Author's School

Olin Business School

Author's Department/Program

Business Administration


English (en)

Date of Award

Spring 4-27-2014

Degree Type


Degree Name

Doctor of Philosophy (PhD)

Chair and Committee

Jackson A. Nickerson


CEO succession is a vital organizational decision because organizational strategy is a reflection of the experiences of a firm's top leader. The dissertation studies CEO succession by exploring its pattern, which reveals a dynamic nature of many succession decisions. One specific succession pattern, leadership vacillation, is observed in a grounded case of PepsiCo. Leadership vacillation occurs when organizations sequentially select their CEOs between "output" and "throughput" functions. To explain the existence of leadership vacillation, the study combines organizational vacillation theory (Nickerson and Zenger, 2002) with insights from upper echelons research (Hambrick and Mason, 1984) and studies on expert performance (Bereiter and Scardamalia, 1993). The study argues that some organizations dynamically balance exploration and exploitation by switching leaders between output and throughput functions, thus exhibiting the phenomenon of leadership vacillation.
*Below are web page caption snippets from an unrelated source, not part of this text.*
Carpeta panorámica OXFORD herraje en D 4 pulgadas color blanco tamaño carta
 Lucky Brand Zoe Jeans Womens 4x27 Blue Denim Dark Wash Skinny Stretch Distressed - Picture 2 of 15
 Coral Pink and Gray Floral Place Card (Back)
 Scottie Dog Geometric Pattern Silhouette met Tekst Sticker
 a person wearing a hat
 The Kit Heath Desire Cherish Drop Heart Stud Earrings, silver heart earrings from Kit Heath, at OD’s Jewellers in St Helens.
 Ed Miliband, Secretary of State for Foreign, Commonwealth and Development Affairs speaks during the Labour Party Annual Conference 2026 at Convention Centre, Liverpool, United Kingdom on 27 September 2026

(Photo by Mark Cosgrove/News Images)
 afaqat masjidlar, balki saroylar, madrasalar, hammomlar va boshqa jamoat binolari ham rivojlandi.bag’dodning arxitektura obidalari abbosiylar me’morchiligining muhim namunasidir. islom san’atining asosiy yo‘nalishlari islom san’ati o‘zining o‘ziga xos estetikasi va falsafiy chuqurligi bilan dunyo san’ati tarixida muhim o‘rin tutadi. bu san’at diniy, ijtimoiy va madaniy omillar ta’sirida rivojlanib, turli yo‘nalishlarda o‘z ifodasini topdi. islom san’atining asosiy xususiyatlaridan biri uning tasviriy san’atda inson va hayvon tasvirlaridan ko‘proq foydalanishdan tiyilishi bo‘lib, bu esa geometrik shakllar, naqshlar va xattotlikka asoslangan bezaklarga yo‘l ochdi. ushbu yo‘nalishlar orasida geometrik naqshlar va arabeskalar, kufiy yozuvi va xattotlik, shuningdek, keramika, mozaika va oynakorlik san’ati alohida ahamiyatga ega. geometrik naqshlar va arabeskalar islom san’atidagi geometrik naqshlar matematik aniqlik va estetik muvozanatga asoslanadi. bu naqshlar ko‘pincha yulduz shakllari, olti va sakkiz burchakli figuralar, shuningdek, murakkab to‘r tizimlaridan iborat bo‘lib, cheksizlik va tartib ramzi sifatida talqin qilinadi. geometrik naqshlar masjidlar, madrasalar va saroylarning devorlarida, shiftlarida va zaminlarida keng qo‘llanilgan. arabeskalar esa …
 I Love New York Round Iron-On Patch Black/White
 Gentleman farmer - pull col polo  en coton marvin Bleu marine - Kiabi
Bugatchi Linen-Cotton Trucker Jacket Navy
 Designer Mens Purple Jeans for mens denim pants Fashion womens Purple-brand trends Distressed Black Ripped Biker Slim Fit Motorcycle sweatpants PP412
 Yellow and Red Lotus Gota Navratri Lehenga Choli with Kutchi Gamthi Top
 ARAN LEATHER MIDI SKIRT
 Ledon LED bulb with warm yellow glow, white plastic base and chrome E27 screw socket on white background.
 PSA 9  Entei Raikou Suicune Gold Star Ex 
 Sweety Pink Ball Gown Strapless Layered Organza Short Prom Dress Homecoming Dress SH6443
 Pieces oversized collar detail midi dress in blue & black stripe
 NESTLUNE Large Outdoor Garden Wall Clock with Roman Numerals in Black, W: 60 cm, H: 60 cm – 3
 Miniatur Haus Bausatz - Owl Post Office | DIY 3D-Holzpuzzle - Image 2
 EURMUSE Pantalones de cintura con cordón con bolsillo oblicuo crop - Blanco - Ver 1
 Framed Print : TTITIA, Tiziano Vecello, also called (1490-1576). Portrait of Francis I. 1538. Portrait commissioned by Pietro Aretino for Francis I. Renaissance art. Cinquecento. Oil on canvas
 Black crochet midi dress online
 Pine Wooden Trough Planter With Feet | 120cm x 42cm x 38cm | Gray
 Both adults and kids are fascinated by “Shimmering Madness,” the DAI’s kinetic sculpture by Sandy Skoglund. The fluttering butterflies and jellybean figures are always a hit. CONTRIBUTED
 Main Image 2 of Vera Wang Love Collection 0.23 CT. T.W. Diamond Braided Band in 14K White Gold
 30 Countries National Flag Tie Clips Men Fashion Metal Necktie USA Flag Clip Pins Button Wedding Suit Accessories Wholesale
An empirical examination of 200 large, public companies indicates that the phenomenon is common and non-random. In addition, a probit model accounting for sample selection and a modified treatment effect model are employed to correct for two endogeneity problems when assessing antecedents, boundary conditions, and performance implications of leadership vacillation. The empirical analyses provide initial evidence that leadership vacillation is a product of a series of endogenous successor choices, meaning that a departing leader's functional background has an impact on that of a successor. Knowledge of the phenomenon of leadership vacillation, which has not been explored in previous research, contributes to CEO succession studies in specific and to organization and strategy research in general. Finally, the dissertation discusses its limitations and suggests possible future research on leadership vacillation.